[Given entries Boundary: Start]

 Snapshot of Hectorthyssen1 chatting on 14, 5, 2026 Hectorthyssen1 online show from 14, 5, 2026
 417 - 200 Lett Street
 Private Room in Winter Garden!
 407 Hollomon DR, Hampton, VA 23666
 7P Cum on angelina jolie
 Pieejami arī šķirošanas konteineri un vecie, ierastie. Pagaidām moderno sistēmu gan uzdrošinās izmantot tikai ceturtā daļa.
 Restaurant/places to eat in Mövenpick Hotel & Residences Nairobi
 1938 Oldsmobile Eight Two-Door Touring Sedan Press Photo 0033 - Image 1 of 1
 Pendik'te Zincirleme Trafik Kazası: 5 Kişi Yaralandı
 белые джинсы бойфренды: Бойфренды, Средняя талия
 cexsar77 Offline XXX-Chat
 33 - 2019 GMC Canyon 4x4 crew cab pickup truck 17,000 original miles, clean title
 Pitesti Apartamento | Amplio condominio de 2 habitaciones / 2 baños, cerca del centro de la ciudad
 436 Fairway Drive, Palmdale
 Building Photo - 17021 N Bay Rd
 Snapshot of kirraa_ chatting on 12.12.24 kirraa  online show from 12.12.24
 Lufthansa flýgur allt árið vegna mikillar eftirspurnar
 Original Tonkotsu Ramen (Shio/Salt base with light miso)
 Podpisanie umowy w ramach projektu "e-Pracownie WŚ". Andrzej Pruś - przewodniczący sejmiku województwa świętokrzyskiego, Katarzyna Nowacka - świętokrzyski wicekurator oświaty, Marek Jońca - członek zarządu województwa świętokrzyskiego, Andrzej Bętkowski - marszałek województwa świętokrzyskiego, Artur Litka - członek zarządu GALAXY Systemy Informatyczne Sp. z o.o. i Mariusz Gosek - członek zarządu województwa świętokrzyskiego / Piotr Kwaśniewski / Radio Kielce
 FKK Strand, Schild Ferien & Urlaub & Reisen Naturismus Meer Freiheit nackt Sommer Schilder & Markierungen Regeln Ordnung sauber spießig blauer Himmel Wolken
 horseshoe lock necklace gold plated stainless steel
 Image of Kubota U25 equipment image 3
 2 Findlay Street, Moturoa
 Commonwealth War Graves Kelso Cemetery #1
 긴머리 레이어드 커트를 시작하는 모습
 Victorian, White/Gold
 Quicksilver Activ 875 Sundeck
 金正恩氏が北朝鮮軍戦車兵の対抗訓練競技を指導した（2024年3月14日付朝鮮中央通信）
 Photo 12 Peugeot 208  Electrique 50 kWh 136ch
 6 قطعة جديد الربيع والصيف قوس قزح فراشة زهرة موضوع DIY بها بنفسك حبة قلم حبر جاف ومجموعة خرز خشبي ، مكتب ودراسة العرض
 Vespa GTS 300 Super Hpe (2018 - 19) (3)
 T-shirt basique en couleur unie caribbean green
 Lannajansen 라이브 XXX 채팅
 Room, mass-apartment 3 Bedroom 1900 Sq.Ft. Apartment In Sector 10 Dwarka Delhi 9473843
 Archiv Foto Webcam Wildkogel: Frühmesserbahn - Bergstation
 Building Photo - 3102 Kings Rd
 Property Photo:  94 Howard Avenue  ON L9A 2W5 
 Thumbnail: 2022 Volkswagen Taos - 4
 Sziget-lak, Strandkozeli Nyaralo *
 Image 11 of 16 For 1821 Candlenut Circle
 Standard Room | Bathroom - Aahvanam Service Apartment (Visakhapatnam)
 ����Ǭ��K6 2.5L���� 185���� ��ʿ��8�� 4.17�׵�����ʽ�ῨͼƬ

[Given entries Boundary: End]

• **Work request**
Look in the material above for the line with "金正恩氏が北朝鮮軍戦車兵の対" and the line with "Lannajansen 라이브 XXX 채팅", and transcribe exactly those lines and all lines between them, nothing more.

• **Final answer**
 金正恩氏が北朝鮮軍戦車兵の対抗訓練競技を指導した（2024年3月14日付朝鮮中央通信）
 Photo 12 Peugeot 208  Electrique 50 kWh 136ch
 6 قطعة جديد الربيع والصيف قوس قزح فراشة زهرة موضوع DIY بها بنفسك حبة قلم حبر جاف ومجموعة خرز خشبي ، مكتب ودراسة العرض
 Vespa GTS 300 Super Hpe (2018 - 19) (3)
 T-shirt basique en couleur unie caribbean green
 Lannajansen 라이브 XXX 채팅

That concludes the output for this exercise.